Nel pensiero contemporaneo, si considerano forme di volontarismo il pragmatismo di W. James, con il suo insistere sulla ‘v. di credere’ rispetto ai problemi non risolvibili sul piano conoscitivo (➔ pragmatismo), e la ‘filosofia dell’azione’ di M. Blondel (➔).
Il concetto di v. è delineato in varia maniera nelle diverse scuole, ora come una funzione autonoma non riconducibile ad altri processi psichici, ora come una forma particolarmente differenziata dei processi istintivo-affettivi cui partecipano anche le funzioni intellettive. Un comportamento si considera volontario (e non riflesso o automatico) quando il soggetto è in certa misura un libero agente. Per alcune scuole il comportamento volontario è il prodotto di un libero arbitrio; altre scuole assumono un atteggiamento più determinista; altre ancora svolgono fondamentalmente il tema della v. insieme a quello della ‘motivazione’ ad agire. Per molti psicologi il comportamento volontario è ‘intenzionale’, cioè coincide con il comportamento operativo messo in atto per raggiungere un qualche scopo. L’analisi del processo volitivo consente di distinguere una fase di scelta, in rapporto con le spinte istintivo-affettive e con le rappresentazioni ideative, una fase di decisione e una fase di esecuzione. Gli atti di v. possono essere rivolti all’interno (per es., controllare pulsioni reattive) o all’esterno (per es., mobilitare prestazioni per azioni continue) e possono ampiamente servirsi delle pulsioni e anche esercitarsi fino all’abitudine e automatizzarsi.

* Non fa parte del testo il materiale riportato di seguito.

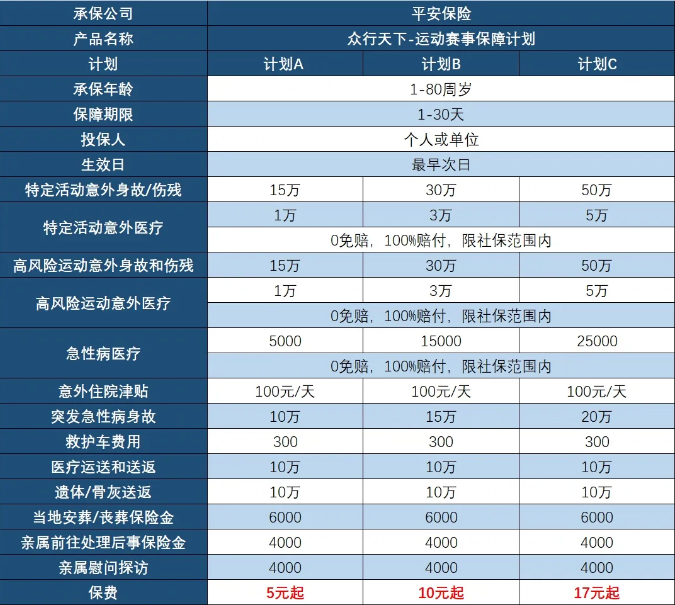 青少年运动意外保险哪里买？2024青少年运动意外保险多少钱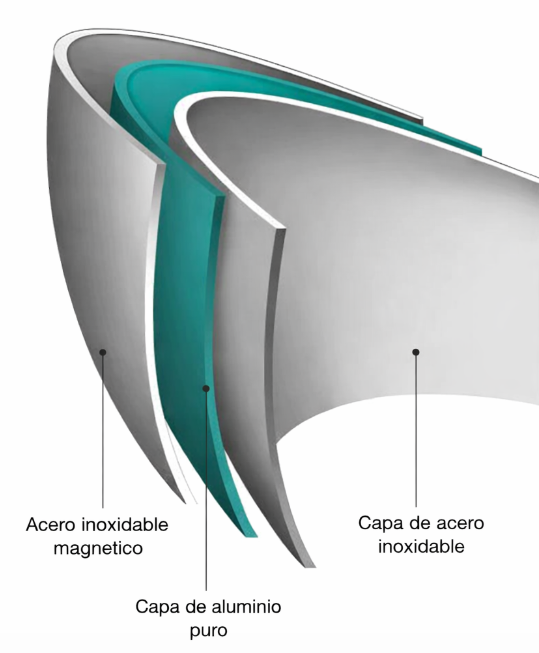 Sartén de acero inoxidable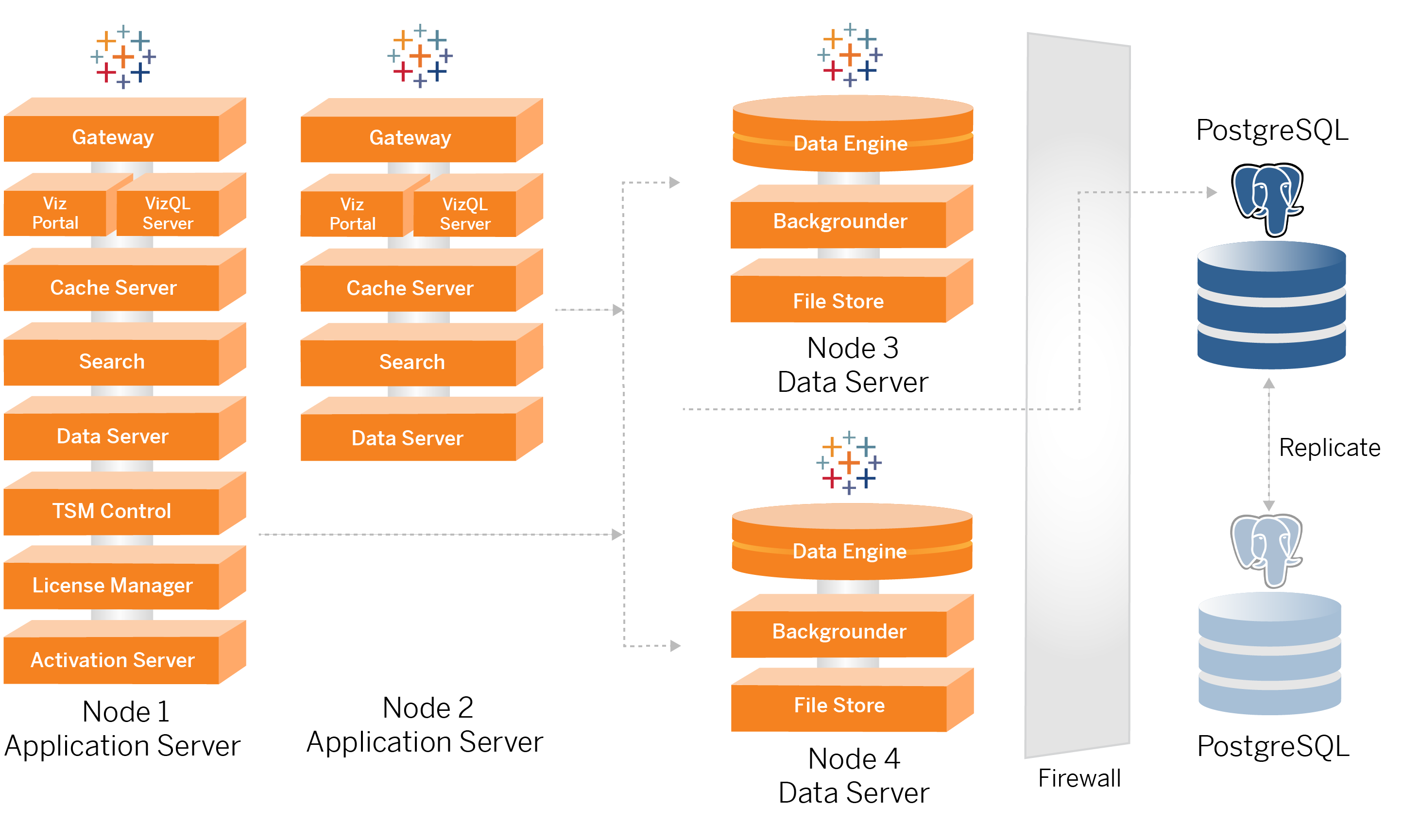 setting up tableau server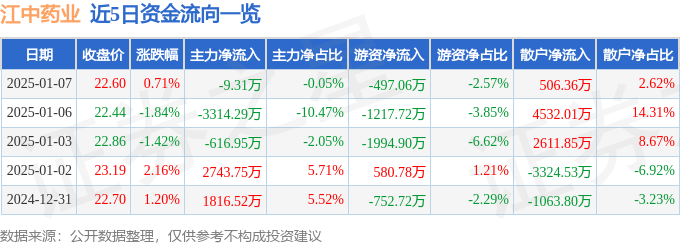 股票行情快报：江中药业（600750）1月7日主力资金净卖出9.31万元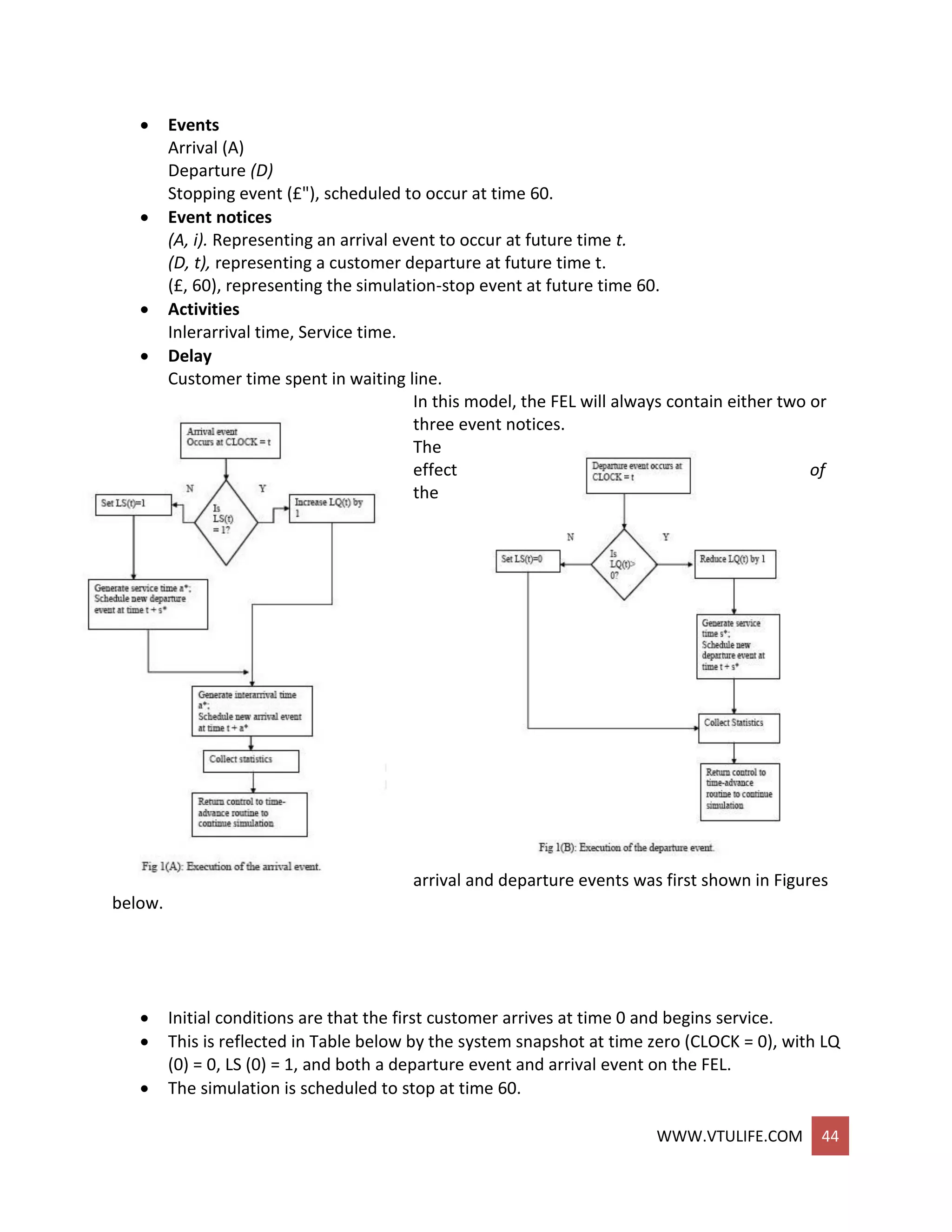 WWW.VTULIFE.COM 44
 Events
Arrival (A)
Departure (D)
Stopping event (£"), scheduled to occur at time 60.
 Event notices
(A, i). Representing an arrival event to occur at future time t.
(D, t), representing a customer departure at future time t.
(£, 60), representing the simulation-stop event at future time 60.
 Activities
Inlerarrival time, Service time.
 Delay
Customer time spent in waiting line.
In this model, the FEL will always contain either two or
three event notices.
The
effect of
the
arrival and departure events was first shown in Figures
below.
 Initial conditions are that the first customer arrives at time 0 and begins service.
 This is reflected in Table below by the system snapshot at time zero (CLOCK = 0), with LQ
(0) = 0, LS (0) = 1, and both a departure event and arrival event on the FEL.
 The simulation is scheduled to stop at time 60.
 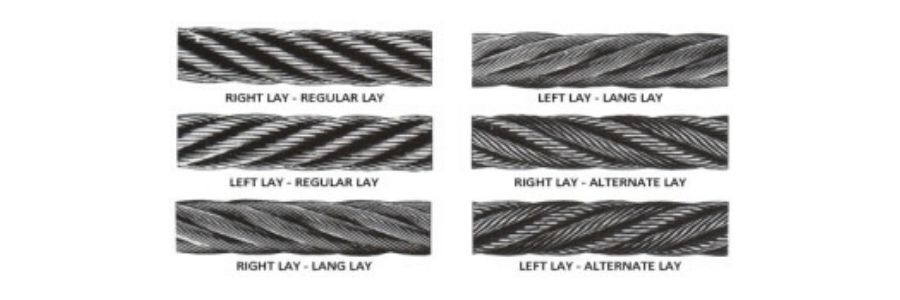 Jenis Wire Rope Berdasarkan Putarannya 900x300
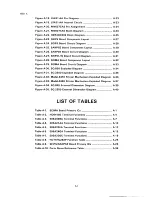 Preview for 258 page of Epson SQ-B50/2550 Technical Manual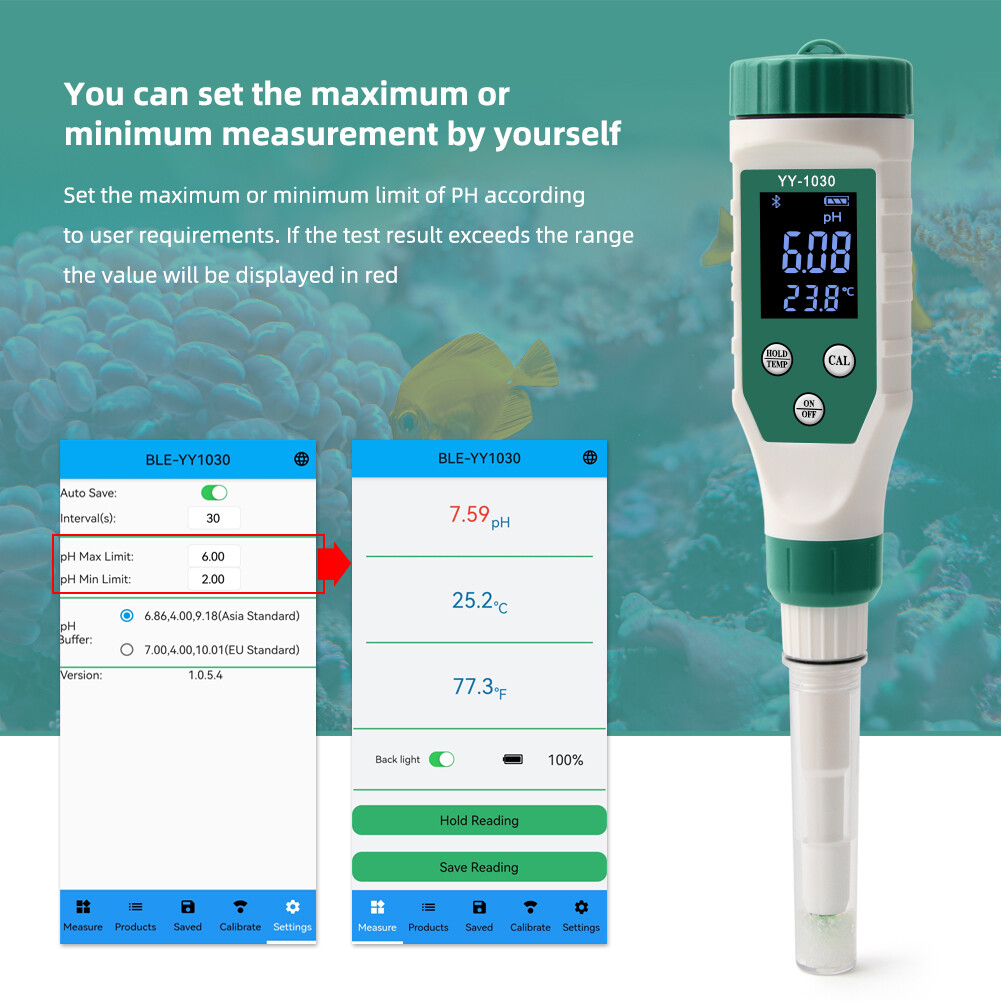 RCYAGO Smart  Bluetooth PH Meter Water PH Meter for Food, High Precision ATC with Backlight, PH Analyzer for Dough, Meat, Fruit, Water, Soil, Cosmetics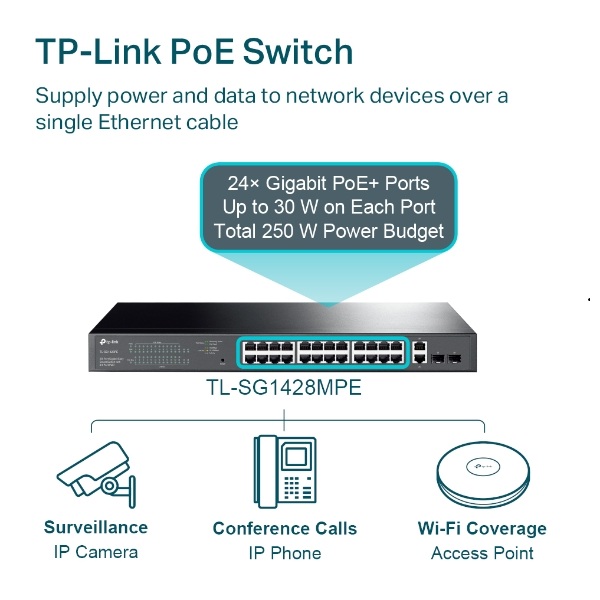 Switch TP-Link 28-Port Gigabit tính năng giá trị gia tăng mang đến trải nghiệm tuyệt vời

Le alterazioni della v. sono ampiamente reperibili in molti disturbi psichici, sia come caratteristica temperamentale abnorme, sia come reazione patologica del comportamento. Si osserva caduta della v. nei disturbi depressivi, specialmente in quelli endogeni (arresto melanconico), e nei disturbi schizofrenici, in cui la dissociazione ideo-affettiva coinvolge in pieno l’atto volontario (paralisi completa della v. nella catatonia, ma anche tendenze oppositive caratterizzate da controspinte illogiche, cieco intestardimento ecc.). Nelle sofferenze nevrotiche tipico è il disturbo della v. che si osserva negli ossessivi (compulsivi, coatti, psicastenici), che non sono capaci di decidere o che si presentano schiavi della coazione a ripetere (atti, pensieri). Improvvisi atti ‘volontari’, anche caparbi e spesso inadeguati, si osservano soprattutto nelle sindromi maniacali, ma anche in certe forme di epilessia temporale e in varie forme di ritardo mentale.